I know you don't wanna buy flourocarbon, but flouro or braid would be better for cranks because mono floats and cranks generally are designed to run deep. I use flouro on everything except for my ultralights and top water rods, on which I use mono.. Braid with a flouro leader is also a good alternative to using straight flouro on crankbait setups.


----------



## dyeguy1212 (May 13, 2010)

Wait, do you want our opinion, or are we not allowed to choose flouro?


I use flouro for everything other than top water (mono), froggin (braid), and heavy jigs (braid).



Aside from cost, I see no reason to use mono for anything other than topwater. In theory it might help when fighting fish on a treble hook, but I've gotten pretty good at controlling fish on the way to the boat.


----------



## cavman138 (May 13, 2010)

dyeguy1212 said:


> Wait, do you want our opinion, or are we not allowed to choose flouro?



Yeah sorry I still want opinions, I just started rambling a bit.



netman said:


> I know you don't wanna buy flourocarbon, but flouro or braid would be better for cranks because mono floats and cranks generally are designed to run deep.
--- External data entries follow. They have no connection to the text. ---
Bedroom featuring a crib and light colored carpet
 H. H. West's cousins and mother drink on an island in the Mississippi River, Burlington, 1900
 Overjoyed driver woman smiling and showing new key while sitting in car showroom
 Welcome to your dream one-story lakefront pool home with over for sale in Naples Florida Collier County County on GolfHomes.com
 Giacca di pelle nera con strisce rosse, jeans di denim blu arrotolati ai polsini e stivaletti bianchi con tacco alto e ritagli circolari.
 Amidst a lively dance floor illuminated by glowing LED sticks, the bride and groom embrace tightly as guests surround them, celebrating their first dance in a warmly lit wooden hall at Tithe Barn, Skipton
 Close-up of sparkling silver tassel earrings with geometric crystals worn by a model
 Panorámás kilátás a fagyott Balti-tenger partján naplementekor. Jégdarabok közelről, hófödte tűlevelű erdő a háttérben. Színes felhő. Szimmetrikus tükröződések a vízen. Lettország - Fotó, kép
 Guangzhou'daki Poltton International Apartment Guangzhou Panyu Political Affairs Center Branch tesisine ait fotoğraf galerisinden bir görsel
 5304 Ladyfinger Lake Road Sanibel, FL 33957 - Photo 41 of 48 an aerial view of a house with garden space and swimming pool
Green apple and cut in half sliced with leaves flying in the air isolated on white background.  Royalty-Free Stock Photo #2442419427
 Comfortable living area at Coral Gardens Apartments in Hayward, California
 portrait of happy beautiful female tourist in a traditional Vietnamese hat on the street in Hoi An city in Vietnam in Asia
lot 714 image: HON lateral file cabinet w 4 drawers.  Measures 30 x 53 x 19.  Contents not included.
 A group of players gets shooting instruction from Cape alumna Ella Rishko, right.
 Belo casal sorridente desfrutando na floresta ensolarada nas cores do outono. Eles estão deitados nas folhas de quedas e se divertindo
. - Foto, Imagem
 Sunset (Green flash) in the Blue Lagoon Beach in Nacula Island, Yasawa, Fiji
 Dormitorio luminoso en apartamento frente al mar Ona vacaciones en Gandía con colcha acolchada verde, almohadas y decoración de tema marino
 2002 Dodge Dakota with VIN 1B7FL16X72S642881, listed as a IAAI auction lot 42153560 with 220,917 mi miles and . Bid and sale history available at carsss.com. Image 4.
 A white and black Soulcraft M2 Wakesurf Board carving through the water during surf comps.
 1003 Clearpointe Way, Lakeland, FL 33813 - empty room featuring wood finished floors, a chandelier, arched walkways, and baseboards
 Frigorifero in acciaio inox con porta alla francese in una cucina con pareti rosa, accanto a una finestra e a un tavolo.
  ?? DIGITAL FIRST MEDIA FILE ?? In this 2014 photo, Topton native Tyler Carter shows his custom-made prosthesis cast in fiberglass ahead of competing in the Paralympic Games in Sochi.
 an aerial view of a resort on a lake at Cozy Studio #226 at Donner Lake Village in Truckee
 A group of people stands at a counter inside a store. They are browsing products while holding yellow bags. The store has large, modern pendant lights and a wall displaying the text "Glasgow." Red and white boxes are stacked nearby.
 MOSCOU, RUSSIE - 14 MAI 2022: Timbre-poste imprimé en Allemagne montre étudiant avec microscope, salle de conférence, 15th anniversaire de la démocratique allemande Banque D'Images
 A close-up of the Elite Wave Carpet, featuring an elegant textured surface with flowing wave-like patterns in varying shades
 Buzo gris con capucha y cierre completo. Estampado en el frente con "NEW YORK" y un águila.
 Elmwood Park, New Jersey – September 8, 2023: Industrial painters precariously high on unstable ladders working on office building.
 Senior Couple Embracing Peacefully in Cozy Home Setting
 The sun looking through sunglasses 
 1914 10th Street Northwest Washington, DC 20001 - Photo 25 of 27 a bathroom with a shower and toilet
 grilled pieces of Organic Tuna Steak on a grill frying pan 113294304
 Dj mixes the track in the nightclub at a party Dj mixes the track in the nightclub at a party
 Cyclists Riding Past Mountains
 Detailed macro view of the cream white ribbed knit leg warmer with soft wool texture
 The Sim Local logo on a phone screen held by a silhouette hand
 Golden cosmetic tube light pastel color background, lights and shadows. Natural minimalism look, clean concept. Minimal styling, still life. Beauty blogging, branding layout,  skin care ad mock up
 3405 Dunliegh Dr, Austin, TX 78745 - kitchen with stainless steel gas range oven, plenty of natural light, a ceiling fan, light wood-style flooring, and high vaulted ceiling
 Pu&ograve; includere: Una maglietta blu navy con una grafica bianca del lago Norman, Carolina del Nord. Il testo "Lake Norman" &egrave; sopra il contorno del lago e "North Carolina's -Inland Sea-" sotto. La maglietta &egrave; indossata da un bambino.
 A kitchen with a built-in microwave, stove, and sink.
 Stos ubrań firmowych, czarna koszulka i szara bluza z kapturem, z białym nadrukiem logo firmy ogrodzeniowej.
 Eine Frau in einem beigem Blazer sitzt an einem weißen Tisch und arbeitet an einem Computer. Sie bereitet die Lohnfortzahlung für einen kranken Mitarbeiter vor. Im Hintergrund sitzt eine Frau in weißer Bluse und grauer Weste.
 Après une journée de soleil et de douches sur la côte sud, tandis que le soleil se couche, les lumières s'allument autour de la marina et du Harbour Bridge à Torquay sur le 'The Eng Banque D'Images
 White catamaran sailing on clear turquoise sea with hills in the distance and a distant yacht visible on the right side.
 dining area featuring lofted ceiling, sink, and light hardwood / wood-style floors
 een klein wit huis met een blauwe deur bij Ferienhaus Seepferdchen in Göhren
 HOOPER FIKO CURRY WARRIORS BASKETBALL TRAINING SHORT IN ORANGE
I use flouro on everything except for my ultralights and top water rods, on which I use mono.. Braid with a flouro leader is also a good alternative to using straight flouro on crankbait setups.



I have always heard to use mono with crankbaits so that you don't end up setting the hook on a log or stump and lose the bait.


----------



## dyeguy1212 (May 13, 2010)

cavman138 said:


> dyeguy1212 said:
> 
> 
> > Wait, do you want our opinion, or are we not allowed to choose flouro?
> ...



I've lost cranks on both flouro and mono.. the amount of stretch in mono is exaggerated sometimes... a sharp treble hook is going to get stuck in a log if it were attached to a rubber band.


----------



## netman (May 13, 2010)

I have always heard to use mono with crankbaits so that you don't end up setting the hook on a log or stump and lose the bait.[/quote]

I've lost cranks on both flouro and mono.. the amount of stretch in mono is exaggerated sometimes... a sharp treble hook is going to get stuck in a log if it were attached to a rubber band.[/quote]

Same here. I use flouro because is sinks and you want that bait to stay down in the strike zone longer rather than being pulled upward by the floating line.


----------



## perchin (May 14, 2010)

I use flouro for most everything. And braid with steel leaders for muskie.


----------



## Captain Ahab (May 14, 2010)

I use Sufix braid for everything with a 3 to 8' floro leader (and i only use Seaguar floro)


----------



## dyeguy1212 (May 14, 2010)

Captain Ahab said:


> (and i only use Seaguar floro)



Bump to that. This is my first year using it and I love it. I have caught some of the biggest fish of my lifetime this spring, all on seaguar 15 pound flouro.


----------



## fish devil (May 14, 2010)

:twisted: I use mono for most applications except for my pitching setups which have braid on them. Also use braid sometimes for topwater-buzzbaits. Never got caught up in the fluoro hype. In the end mono is probably the best all around line. And by the way I have no problem catching pigs on cranks using mono.


----------



## dyeguy1212 (May 14, 2010)

fish devil said:


> Also use braid sometimes for topwater-buzzbaits.




Being such a mono fan, I'd expect you to use it for top water. I prefer something that floats (mono) over something that sinks (braid) on my top water applications.


----------